It’s a sure sign you’re crazy ...about words, at least, when you come to think of them as people. I began to realize this about myself some time back as I was checking out the etymology of bamboozled. I was surprised that it was as old as 1703, but floored when I saw that it was categorized as “origin unknown.” How could etymologists not know how such a nifty word originated?
Sometime later, I saw that bludgeon (1868) was in that same category, then flirt (1877) and punk (1596). I wrote them down on a sheet of paper and printed “origin unknown” at the top. I felt like a character in a Dickens novel, a benevolent one, gathering in orphans from the street. Now, every time I come across a word with that label, or “origin uncertain,” I feel parental and add it to my list.
Most words are like children whose roots can be traced as pedigrees are … axiomatic from Greek, obsequious from Latin, maladroit from French, galore from Irish Gaelic, or assassin from Arabic, to list a few. They come to us from long lines of traceable language.
Or they are new words, easily traceable in this Google era, e.g., app (short for application and the 2010 “word of the year”), tweet (a 2009 winner which defines a message containing no more than 140 characters and delivered by Twitter), and locavore (a person who eats only food grown and produced within a certain number of miles of his home). No etymologist of the future, with the prowess of the Internet at his fingertips, will fail to detect the precise origin of words like these.
Actually, the more I get to know of etymologists’ exacting work, the more I appreciate what they have been able to trace with certainty. E.g., genro (a group of elder Japanese statesmen, formerly advisers to the emperor) originated as two words in Ancient Mandarin. I am in awe of the lexicological digging involved here; it’s akin to archeology.
Here are a few surprises that defied etymologists in the first two-thirds of the twentieth century: chad (“a bit of paper punched out from a data card.” It became world famous in the 2000 US presidential election; it’s been traced to 1947, but how did the word come about? … perhaps from the Scots “gravel”… “origin uncertain”); copacetic (“very satisfactory,”1919… a fun word; I expected it to be of Greek origin); gimmick (“an ingenious or novel mechanical device, gadget,” 1926… you could have an interesting time with fellow word lovers making up an etymology for it!) They each have a special place in my heart.

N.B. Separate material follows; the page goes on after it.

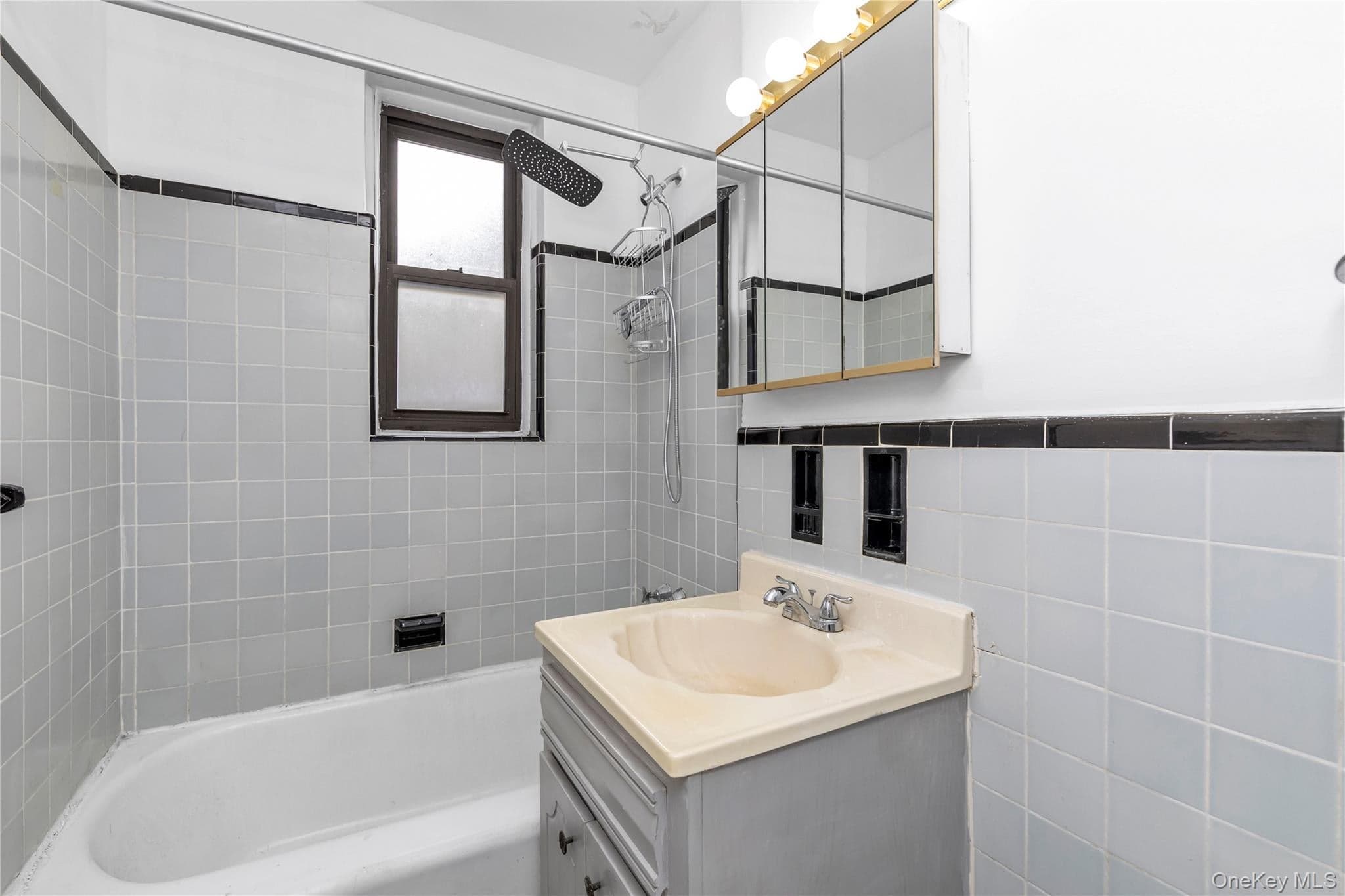 141-60 84th Road Unit: 3G thumbnail 11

Another favorite is quaff (1529) thought perhaps to be imitative. I’ve tried, even wiped my lips with the back of my hand, but quaff after quaff, I can’t get myself to sound like the word.
Simoleon (1895-1900) is a cool slang word for a dollar. How I wish we knew its origins. It’s bound to be interesting.
At the top of my list is acne. While not exactly of unknown origin, it had a peculiar beginning, in that it was the result of a manuscript error, aka “typo.” “Acme” was intended, after “the head of a pimple” : ( … but “acne” stuck (and most of us were stuck with it at some point in our young lives!). So it’s fitting that the last word in my alphabetical list of “origins unknown,” zit, originated in 1966, the last year that etymologists could not detect a word’s origin. Since then, the huge computer databases available make it virtually impossible for a word to be born without a birth certificate. It marks the end of an etymological era.